(Data section begins)

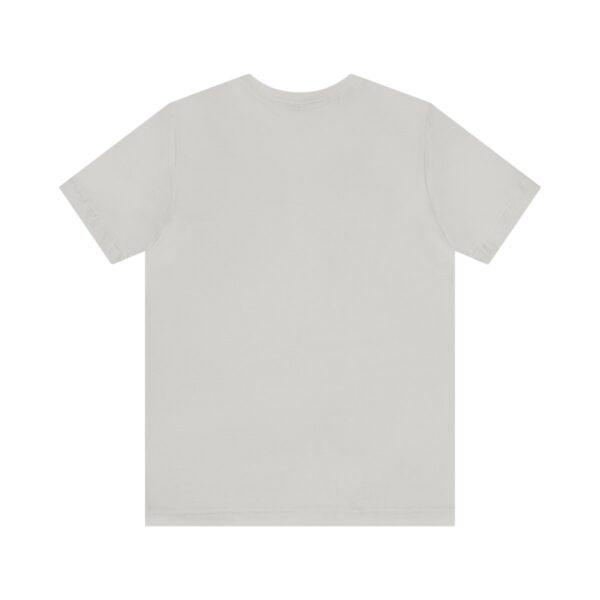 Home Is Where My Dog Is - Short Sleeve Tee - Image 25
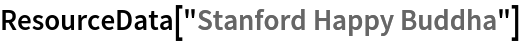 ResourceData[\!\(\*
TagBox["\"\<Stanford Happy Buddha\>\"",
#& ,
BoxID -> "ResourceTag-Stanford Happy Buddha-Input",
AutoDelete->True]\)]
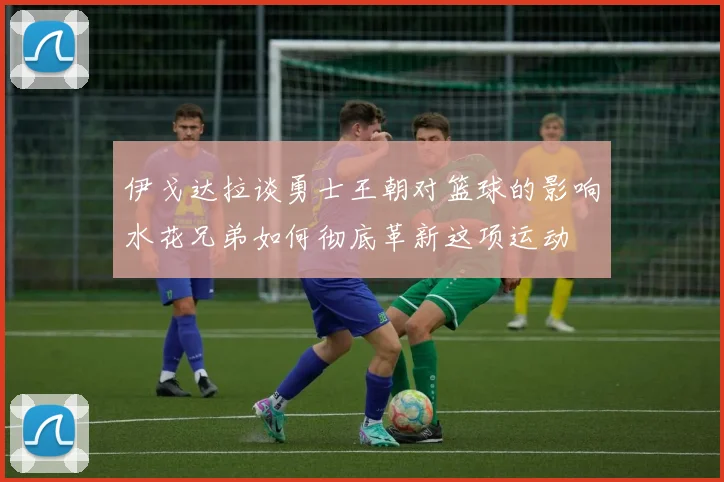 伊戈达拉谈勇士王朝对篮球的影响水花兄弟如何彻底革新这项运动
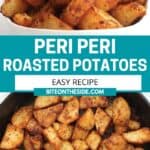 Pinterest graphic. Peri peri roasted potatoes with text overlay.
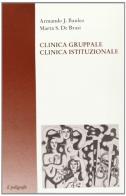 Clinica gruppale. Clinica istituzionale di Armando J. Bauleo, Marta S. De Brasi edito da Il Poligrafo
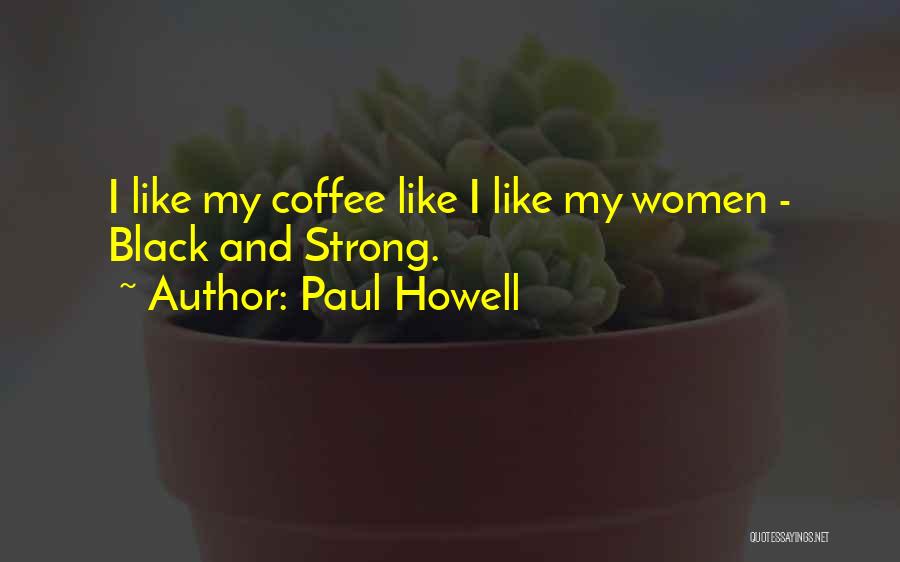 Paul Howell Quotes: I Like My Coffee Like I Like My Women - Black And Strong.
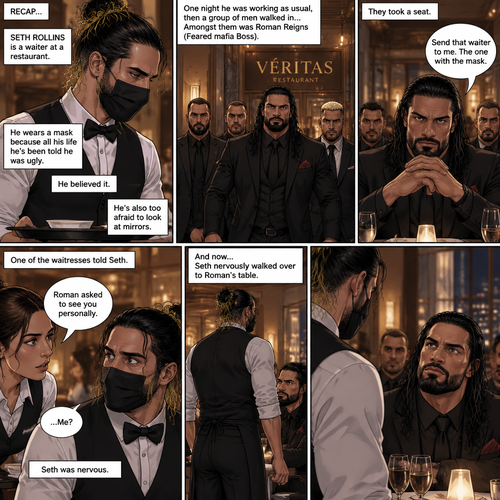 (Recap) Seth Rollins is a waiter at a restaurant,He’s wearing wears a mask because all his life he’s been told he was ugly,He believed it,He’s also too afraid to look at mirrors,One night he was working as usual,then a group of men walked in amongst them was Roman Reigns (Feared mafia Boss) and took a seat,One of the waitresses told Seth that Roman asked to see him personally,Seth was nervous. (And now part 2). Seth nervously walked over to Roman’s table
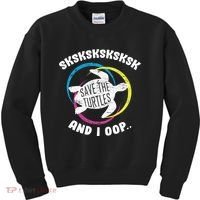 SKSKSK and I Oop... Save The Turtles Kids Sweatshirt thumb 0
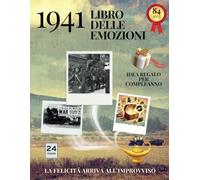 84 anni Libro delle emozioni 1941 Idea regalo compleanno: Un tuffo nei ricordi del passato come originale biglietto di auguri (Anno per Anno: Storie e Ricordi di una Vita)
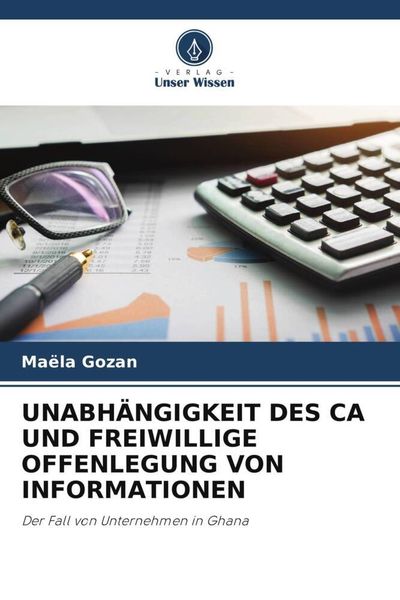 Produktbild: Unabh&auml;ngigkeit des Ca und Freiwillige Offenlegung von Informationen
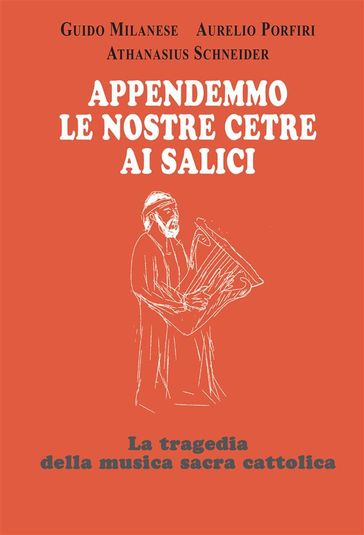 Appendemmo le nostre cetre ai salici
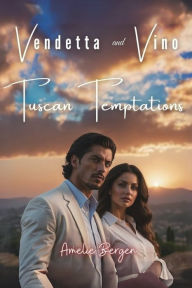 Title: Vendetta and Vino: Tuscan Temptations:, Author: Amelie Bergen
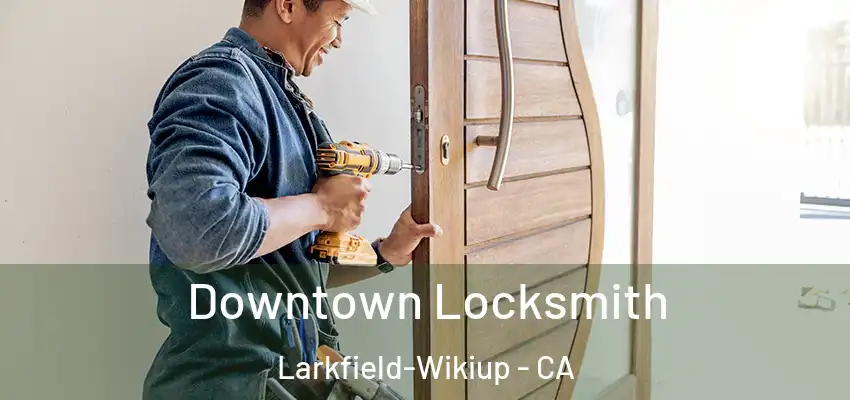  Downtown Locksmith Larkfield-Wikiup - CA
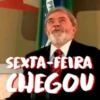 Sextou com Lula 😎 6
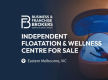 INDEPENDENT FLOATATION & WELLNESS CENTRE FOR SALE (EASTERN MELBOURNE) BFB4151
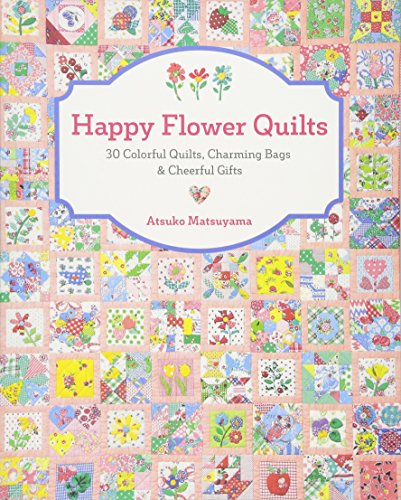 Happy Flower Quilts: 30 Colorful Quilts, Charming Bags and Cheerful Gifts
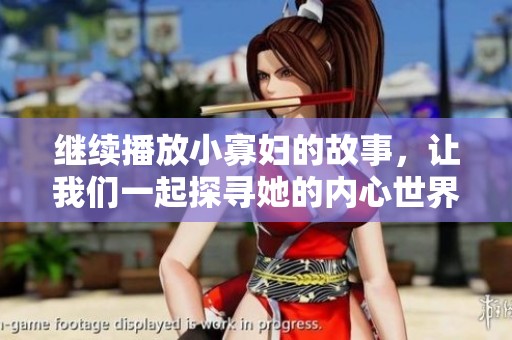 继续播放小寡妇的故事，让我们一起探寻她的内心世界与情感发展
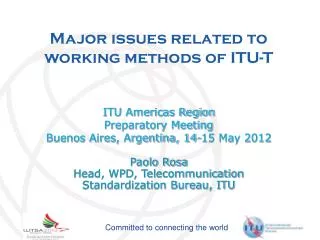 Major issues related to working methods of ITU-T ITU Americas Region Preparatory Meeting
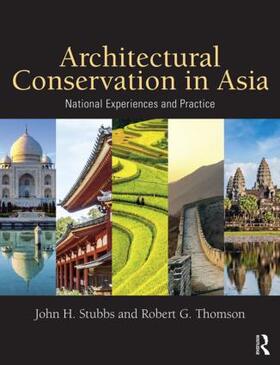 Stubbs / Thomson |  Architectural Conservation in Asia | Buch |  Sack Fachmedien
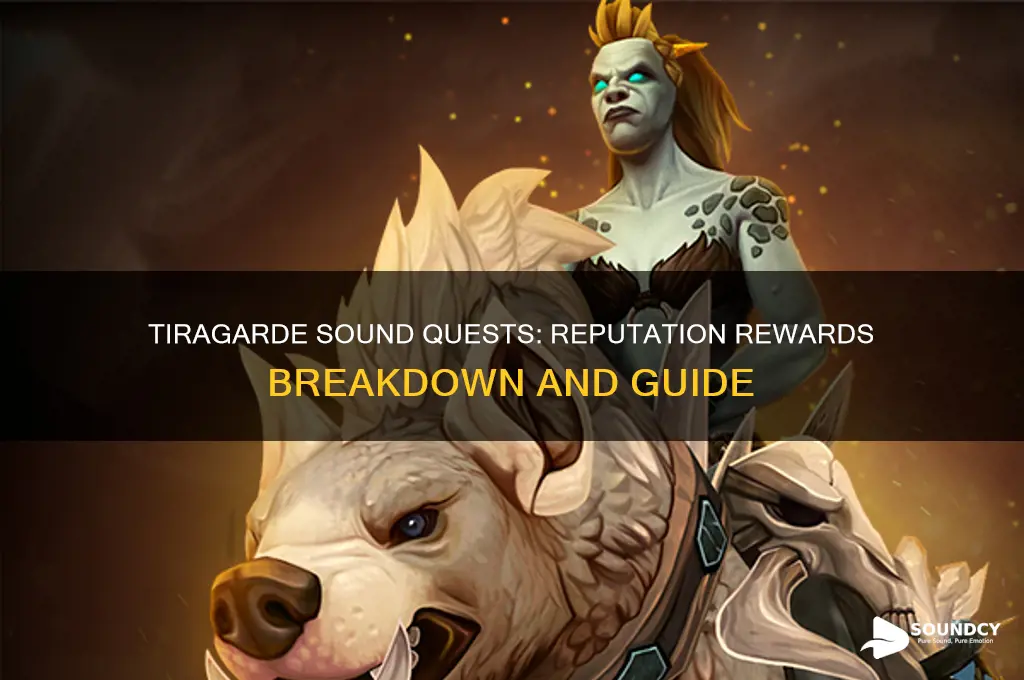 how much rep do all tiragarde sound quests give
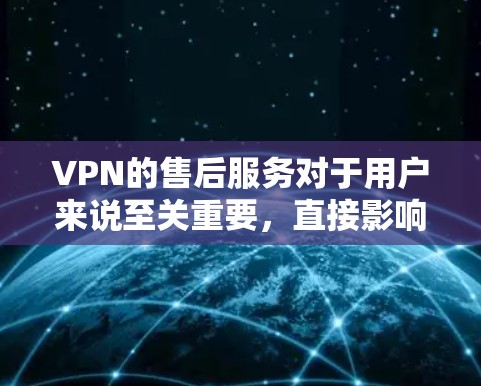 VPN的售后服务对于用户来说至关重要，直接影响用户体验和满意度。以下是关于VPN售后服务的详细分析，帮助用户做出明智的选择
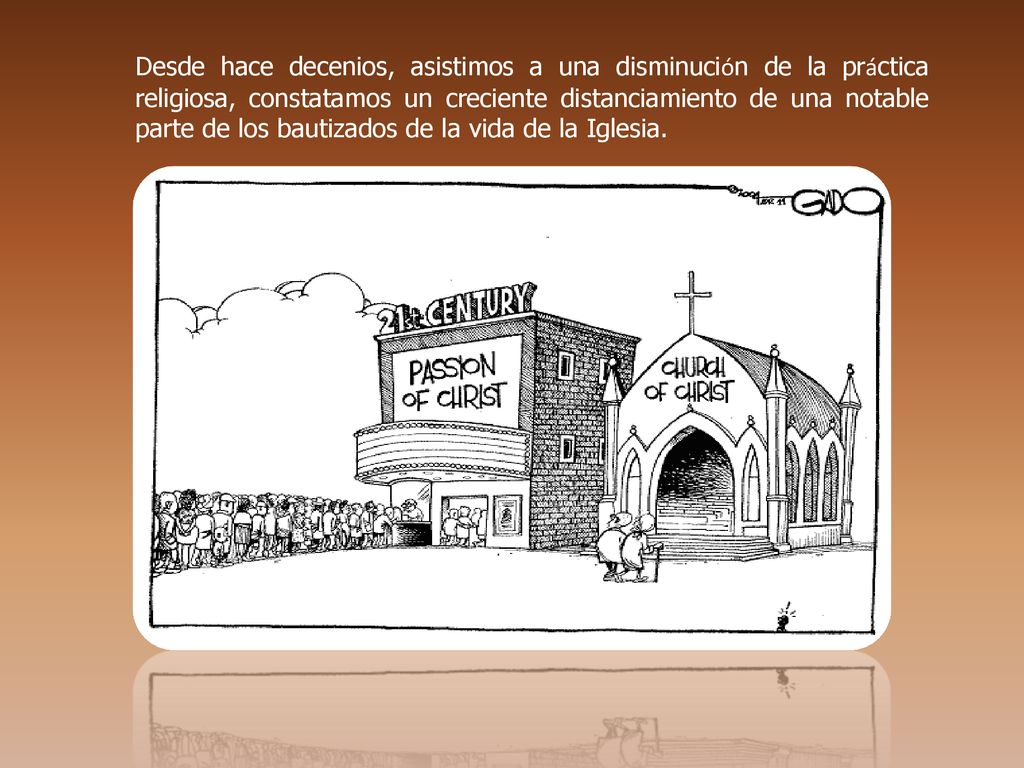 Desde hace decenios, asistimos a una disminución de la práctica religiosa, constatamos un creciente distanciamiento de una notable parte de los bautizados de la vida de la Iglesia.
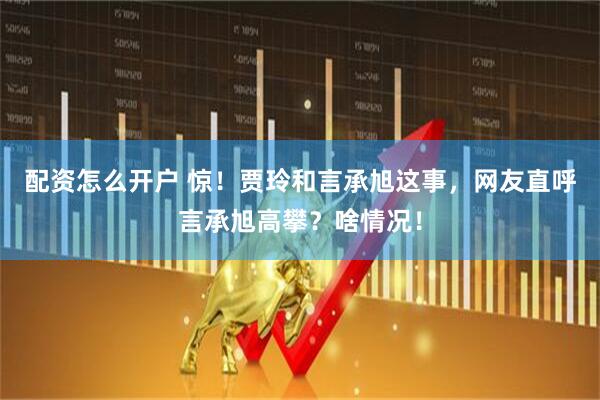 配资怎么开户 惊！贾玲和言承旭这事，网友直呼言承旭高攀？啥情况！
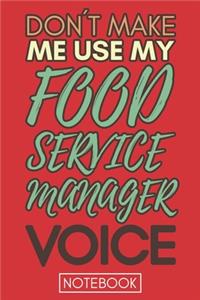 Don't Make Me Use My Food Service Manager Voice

(Data section ends)

▶ **Work instructions**
Please reproduce nothing but the lines from the one containing "INDEPENDENT FLOATATION &" through the closing line of the listing, retyped word for word, pictures excluded.

▶ **Response area**
 INDEPENDENT FLOATATION & WELLNESS CENTRE FOR SALE (EASTERN MELBOURNE) BFB4151
 Happy Flower Quilts: 30 Colorful Quilts, Charming Bags and Cheerful Gifts
 继续播放小寡妇的故事，让我们一起探寻她的内心世界与情感发展
 Major issues related to working methods of ITU-T ITU Americas Region Preparatory Meeting
 Stubbs / Thomson |  Architectural Conservation in Asia | Buch |  Sack Fachmedien
 how much rep do all tiragarde sound quests give
 VPN的售后服务对于用户来说至关重要，直接影响用户体验和满意度。以下是关于VPN售后服务的详细分析，帮助用户做出明智的选择
 Desde hace decenios, asistimos a una disminución de la práctica religiosa, constatamos un creciente distanciamiento de una notable parte de los bautizados de la vida de la Iglesia.
 配资怎么开户 惊！贾玲和言承旭这事，网友直呼言承旭高攀？啥情况！
 Don't Make Me Use My Food Service Manager Voice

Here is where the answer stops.